[Records from a data collection]
=== Begin Enclosure ===
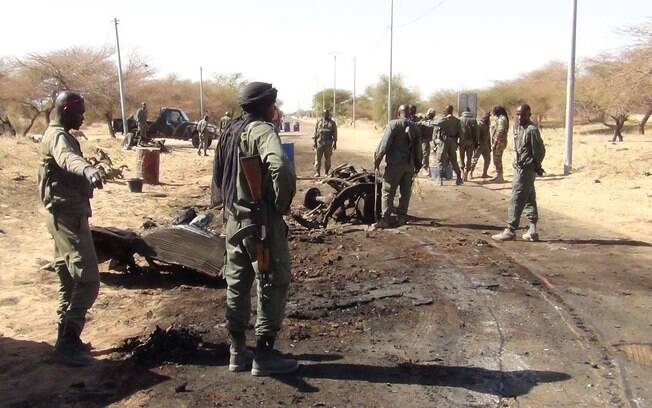 Tropas do Mali procuram rebeldes após confrontos em Timbuktu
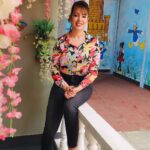 Munmun Dutta Instagram - When your coactors find your shirt matching with the background…. 😊 . In between shots .. sweaty and tired 😪… But Jennifer, Balluji and Sachin ji suddenly realised I am sitting at a position where I match the background and apparently the frame looks nice and colourful , thus they clicked my pictures 📸 😊 . #behindthescenes #candid #candidmoments #munmundutta #tmkoc #inbetweenshots #workmodeon #workmode Dadasaheb Phalke Chitranagari FILMCITY Goregaon East Mumbai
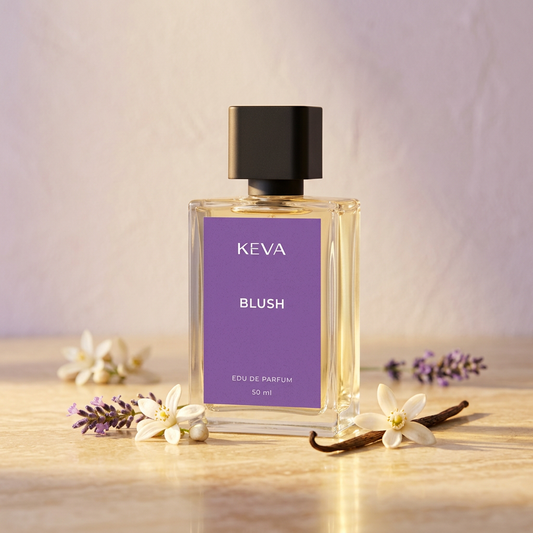 صورة دعائية لعطر KEVA BLUSH بطابع زهري عطري دافئ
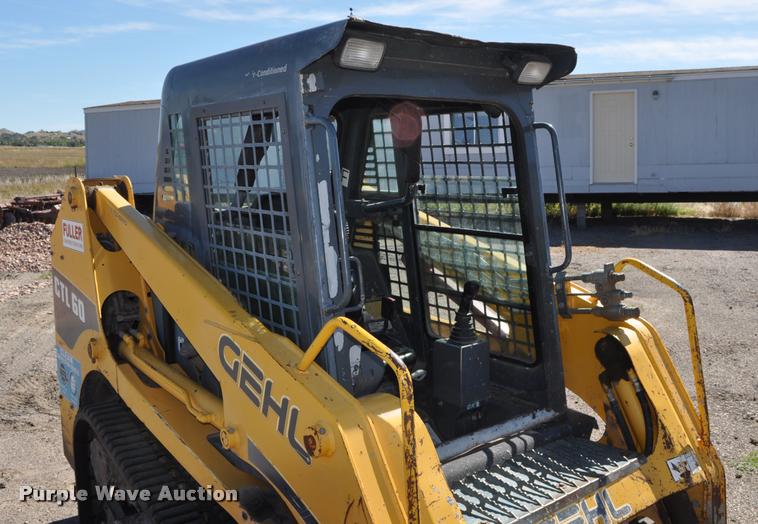 image for item G7488 2005 Gehl CTL60 skid steer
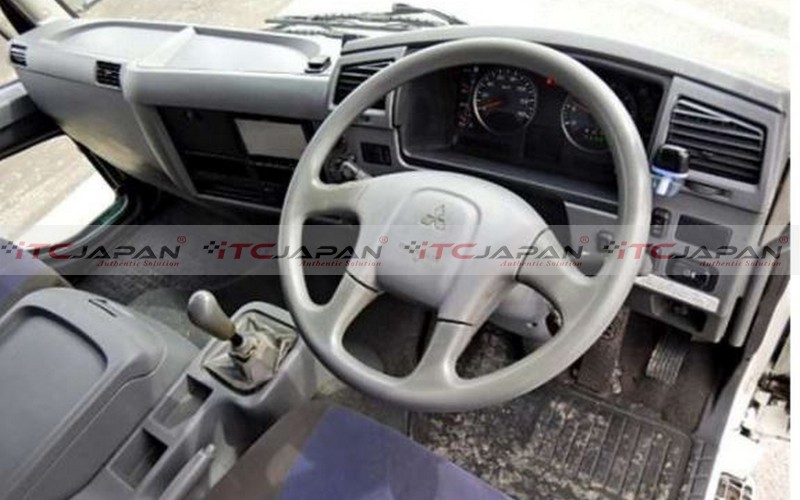 MITSUBISHI FUSO FIGHTER (2012)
=== End Enclosure ===
Retype precisely, and only, the lines from the one holding "image for item" through the final line of the data above, with the pictures omitted.

• RESPONSE TO THE EXERCISE:
 image for item G7488 2005 Gehl CTL60 skid steer
 MITSUBISHI FUSO FIGHTER (2012)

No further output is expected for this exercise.